# No gradient for making the max value 1 and others 0

Hi,

I would like to keep the maximum value to be 1 and others to be 0 in a tensor. But the backward function does not produce gradient for the tensor.

I attached the example. Thanks!

import torch

x = torch.Tensor([[0, 1, 2, 3]]).requires_grad_()

out = b.sum()

out.backward()

x.grad #why is there no grad for x?

Hi,

The problem is that you have a non-floating point Tensor that you set by hand to `requires_grad_()` again.
You will need to only use differentiable ops here.

To keep the values between 0/1 I would recommend the softmax function that will make sure you get non-zero gradients everywhere (but you won’t be able to reach 0 or 1).
Or you can use clamp. But then the gradients for the values <0 and >1 will be 0.

Thanks @albanD. Does it mean “b = (x==x.max(dim=1,keepdim=True)[0]).type(torch.FloatTensor)” is actually not differentiable and so that x.grad is none?

And is there a way to keep the maximum value to be 1 and the others to be 0 in a tensor but the tensor still could have gradient?

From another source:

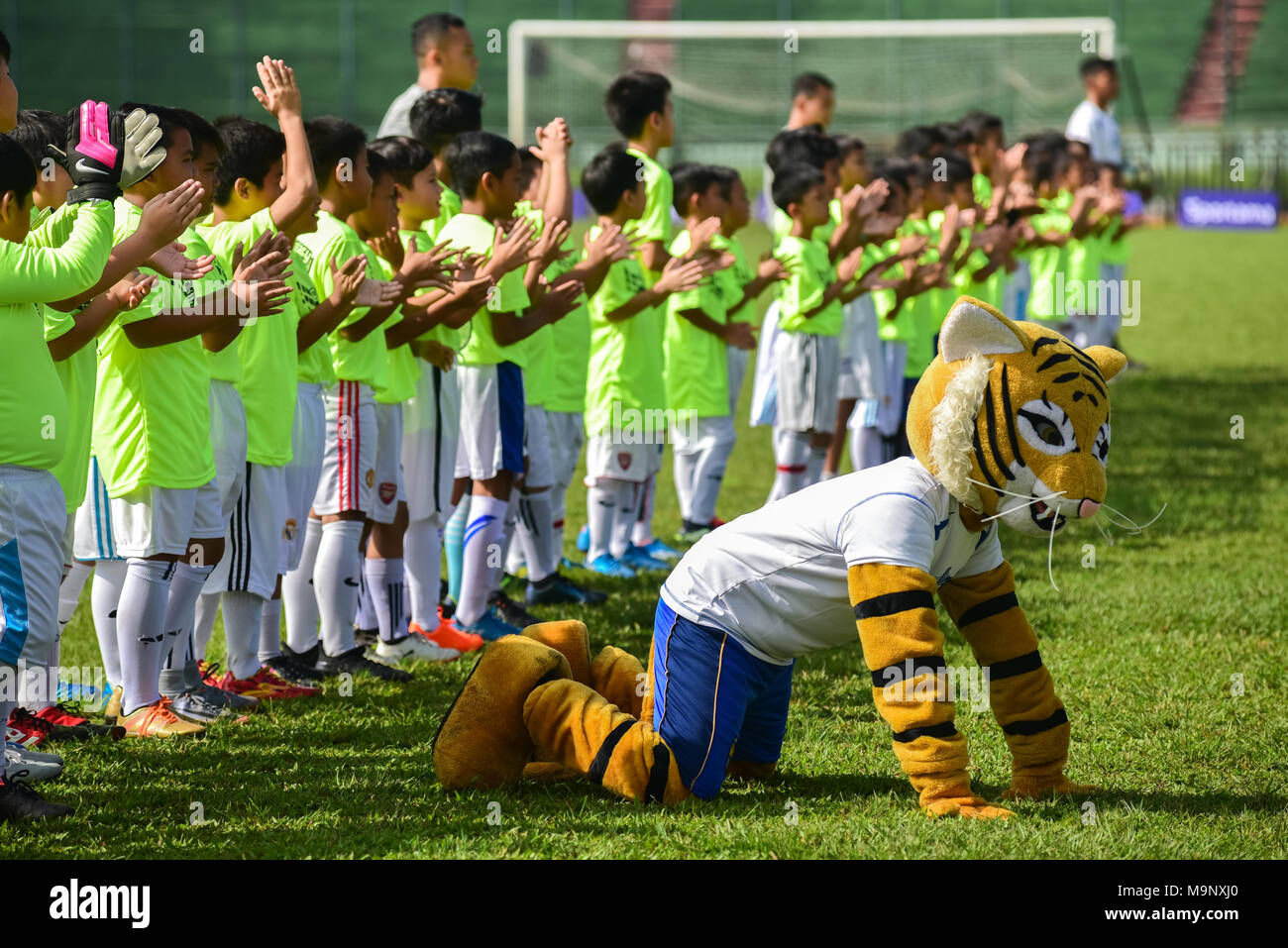 Accademia di calcio partecipanti salutare pubblico prima di un match di esibizione contro cinque giocatori di Persib Bandung per celebrare il club di ottantacinquesimo anniversario. Foto Stock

I found a similar question here Set Max value to 1, others to 0 but it seems one hot is also not differentiable.

“b = (x==x.max(dim=1,keepdim=True)[0]).type(torch.FloatTensor)” is actually not differentiable and so that x.grad is none?

If returns a Tensor that does not require gradients even though the input does. This means it is not differentiable yes.

And is there a way to keep the maximum value to be 1 and the others to be 0 in a tensor but the tensor still could have gradient?

If you think about gradient as “how much the output change if I change this input a little”, then you can see that if the output of your function is “the maximum value to be 1 and the others to be 0”, then all the gradients will be 0. Because when you change any input a little (if the maximum one does not change), then all the outputs will remain the same.

Very clear explanation, thanks @albanD !